COPENHAGEN, Feb 25, 2026, 11:39 CET — Regular session
NKT (NKT.CO) shares climbed 1.6% to 788 Danish crowns on Wednesday, following the Danish power cable maker’s release of its annual report and a fresh 2026 outlook. The stock had finished at 776 crowns the previous session.
Investors use European grid suppliers as a read on the pace of power network expansion—crucial for taking in more renewables. Small shifts in timing, margins, or cash flow can jolt share prices, since these are long-cycle projects and the market reacts quickly to any perceived change.
NKT operates in a complicated corner of the buildout—think high-voltage cables and those sprawling turnkey projects that stretch out for years, plus a steady stream of lower-voltage products tied directly to everyday grid spending. With its annual report, the company hands the market an updated snapshot of 2026 prospects, showing big order books aren’t going anywhere, but neither is execution risk.
NKT reported that 2025 revenue at “standard metal prices”—which strips out copper and aluminium volatility—grew 6% organically to EUR 2.72 billion. Operational EBITDA landed at EUR 390 million. Looking to 2026, the company guided for revenue between EUR 2.63 billion and EUR 2.78 billion, with operational EBITDA seen in a EUR 360-410 million range. In the fourth quarter, NKT posted EUR 643 million in revenue and EUR 85 million in operational EBITDA. “Disciplined execution” shaped the year, according to chief executive Claes Westerlind, with capacity expansion continuing. The company reported free cash flow of minus EUR 244 million for 2025, net interest-bearing debt at minus EUR 963 million, a high-voltage order backlog of EUR 10.2 billion, and booking commitments topping EUR 3.5 billion. Nkt
The breakdown looked much like before. NKT’s high-voltage segment did the heavy lifting again, and orders for power distribution cables stayed solid. The company flagged an uptick in services and accessories this year, citing more activity in those areas.
Traders keep circling cash flow, not just top-line numbers. Large projects can yank payments ahead or stall them, while capex has a habit of muddying the quarterly waters until those new units start delivering returns.
NKT goes up against Prysmian and Nexans for big high-voltage contracts, with investors usually lumping the trio together around a single storyline—grid upgrades, offshore wind connections, and whether suppliers can ramp up capacity quickly enough to avoid missing deadlines.
Still, NKT didn’t mince words about the risks.
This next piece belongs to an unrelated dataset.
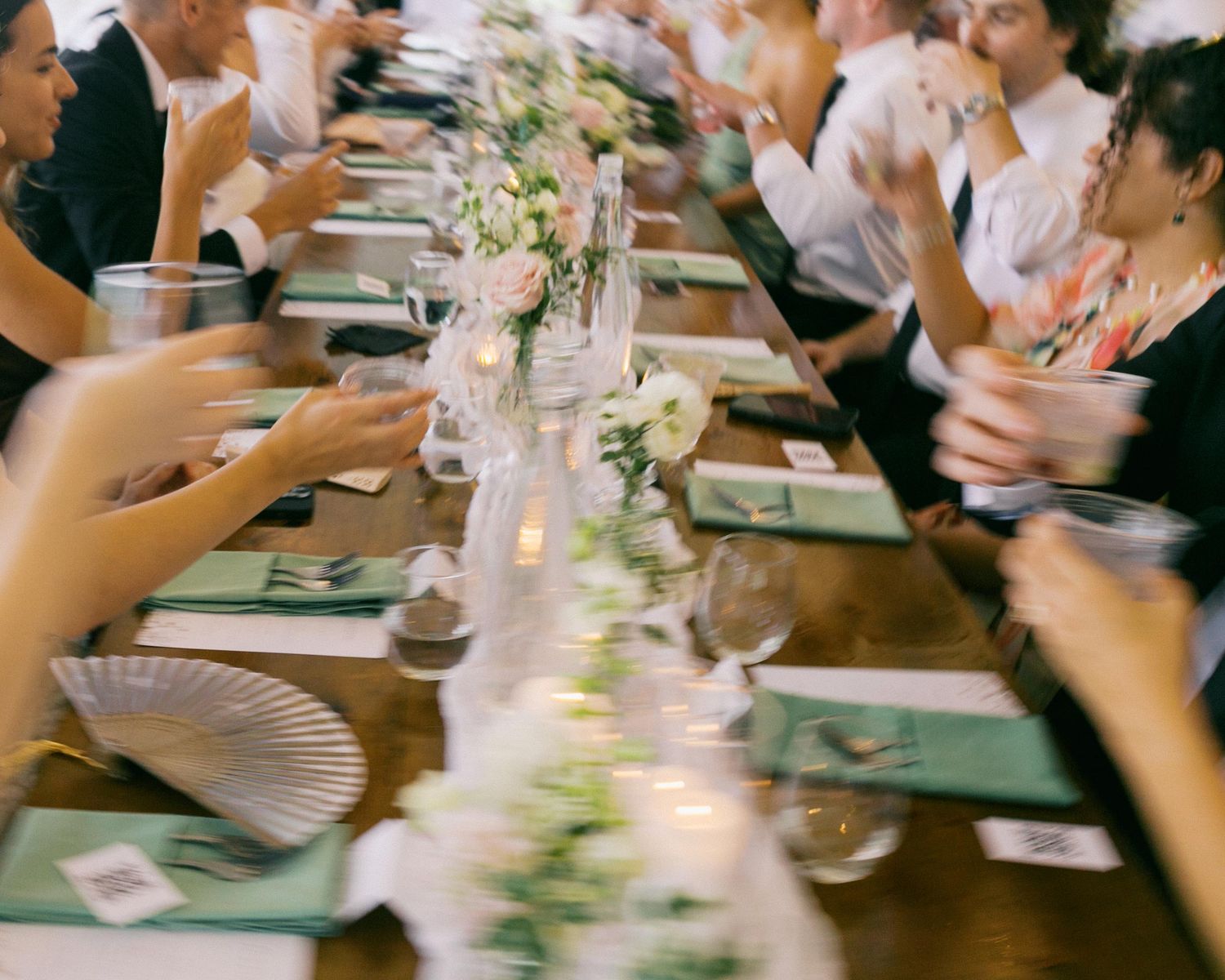 Elegant table setting at a dinner party with candlelight, floral centerpieces and guests seated along both sides.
The company’s 2026 forecast hinges on everything from smooth high-voltage rollouts and new investments to steady markets, functioning supply chains, and a predictable mix of economic indicators—including currencies and metals. Offshore repair work needs to settle back to normal levels, too. Margins are vulnerable if delays crop up, labor gets tight, or costs spike; revenue could slip into following periods if those issues bite.
Coming up: the annual general meeting set for March 25, then the first-quarter report arrives May 13. That’s when investors want fresh detail on backlog conversion and whether cash generation is picking up.